Era a noite de 11 de março, há mais de um mês: o primeiro-ministro da Itália, Giuseppe Conte, assinou o decreto que transformou toda a Itália em uma zona de guerra, uma medida anunciada dois dias antes em face do avanço de contágios e mortes, que primeiramente haviam sido dramaticamente subestimados.

Tudo fechou, excluindo as atividades essenciais, até 25 de março: “A Itália fecha por duas semanas”, era a manchete de Corriere della Sera. O efeito desse grande esforço, disse então Conte, só veremos em algumas semanas. Cálculo lógico: se a incubação do vírus pode durar até 14 dias, é somente após esse período que teremos uma diminuição nas infecções. Em 11 de março, havia 12.462 casos e 827 mortes no total.

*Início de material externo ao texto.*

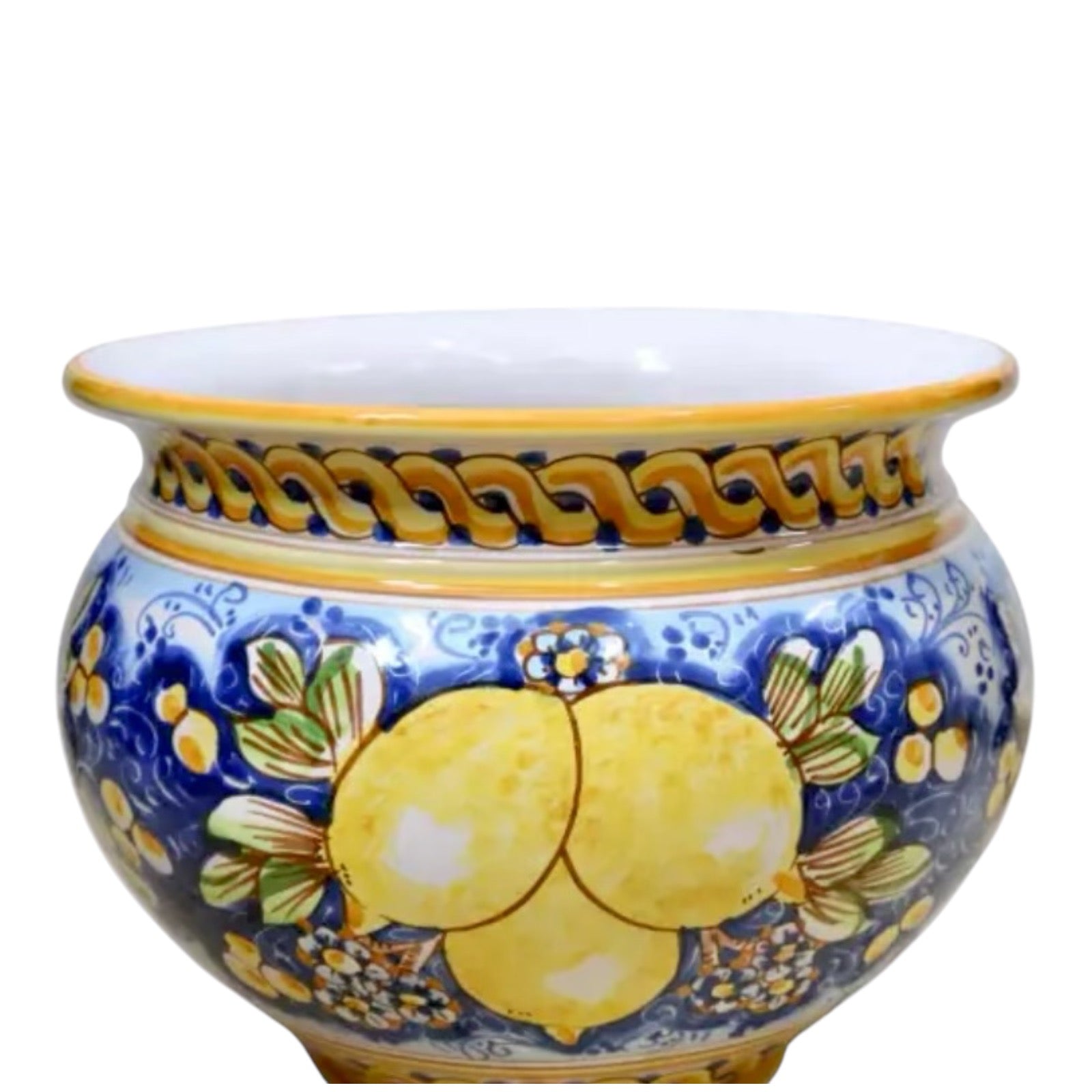 Cachepot Caltagirone Ceramic Plant pot, lemon decoration 20cm Diameter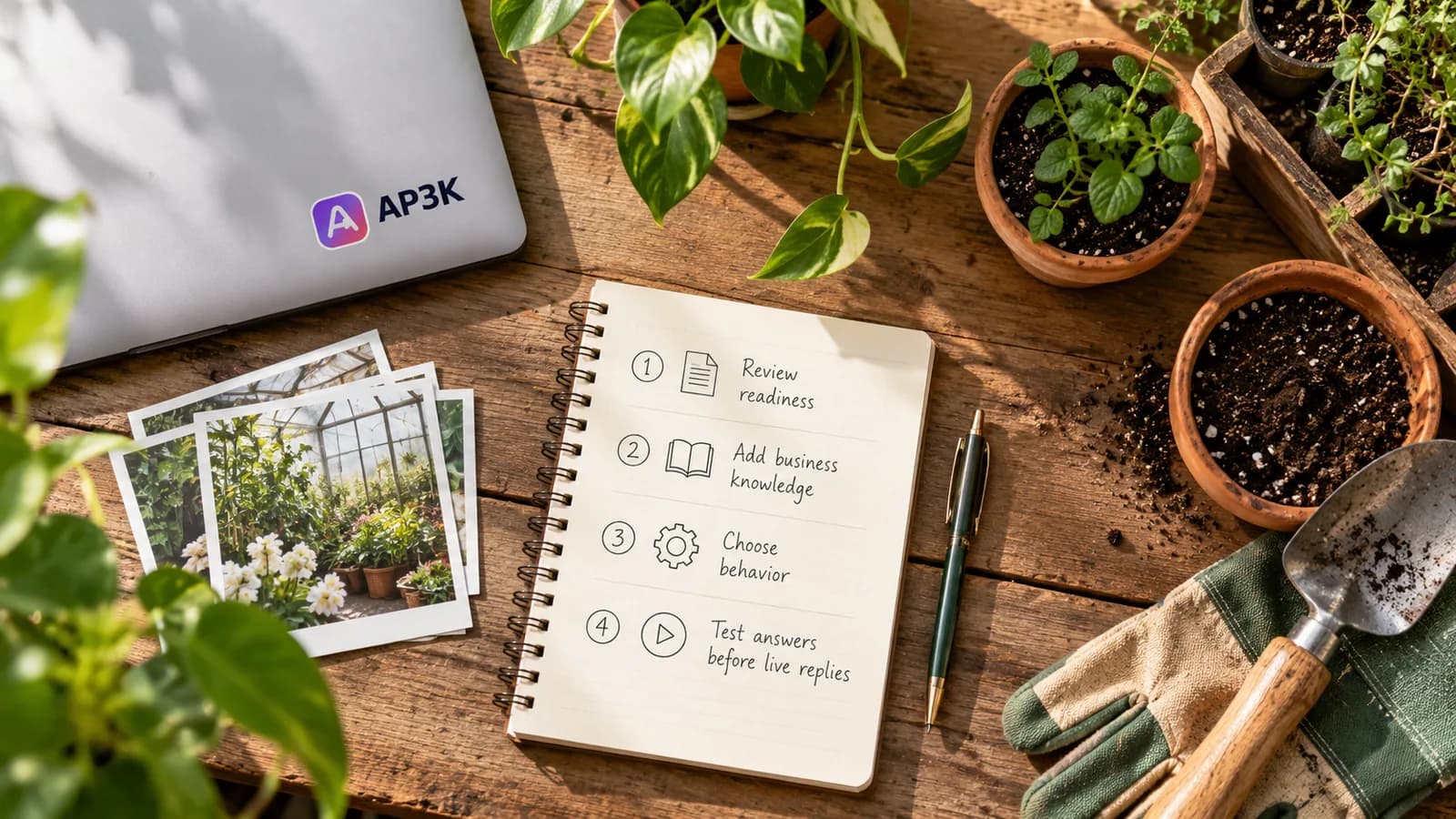 AP3K AI Setup Flat Lay — original editorial photograph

Chegamos em 25 de março e vimos os efeitos desse grande esforço: o número total de casos registrados subiu para 74.386, mas os mortos subiram para 7.503. O aumento de casos era previsível, mas a multiplicação das mortes por quase dez não estava exatamente nos planos.

Desde então, outros vinte dias de segregação nos domicílios e de inatividade econômica se passaram e alcançamos 162.488 casos totais apurados (mas o número, como sabemos, é altamente subestimado), enquanto as mortes ultrapassaram 21 mil, com um crescimento que continua a ser cerca de 600 por dia (ou seja, mais de 463 no total contabilizado até 9 de março, o dia em que o governo decidiu bloquear).

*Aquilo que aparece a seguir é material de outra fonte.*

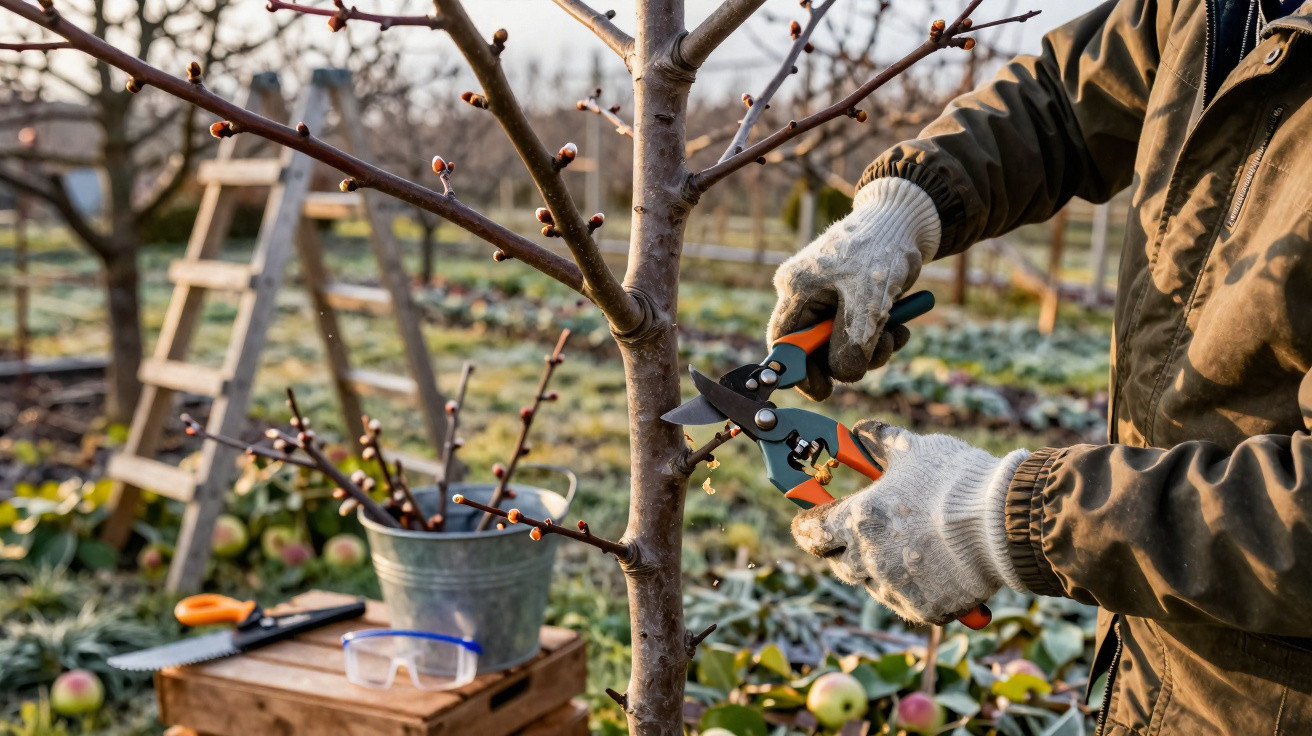 Person wearing gloves pruning fruit tree branches with shears in an orchard during autumn or early spring.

Portanto, não vimos os resultados anunciados em 11 de março duas semanas depois, e nem agora que se passou mais de um mês, embora com um esforço de otimismo continuemos a dizer que estamos no auge. Além disso, nos últimos dias, foi declarado por várias partes que mesmo o número de mortes é definitivamente maior do que o que é registrado oficialmente. Seria o suficiente para questionar a estratégia "fique em casa". Ou pelo menos, para se fazer algumas perguntas sobre por que o bloqueio não funcionou.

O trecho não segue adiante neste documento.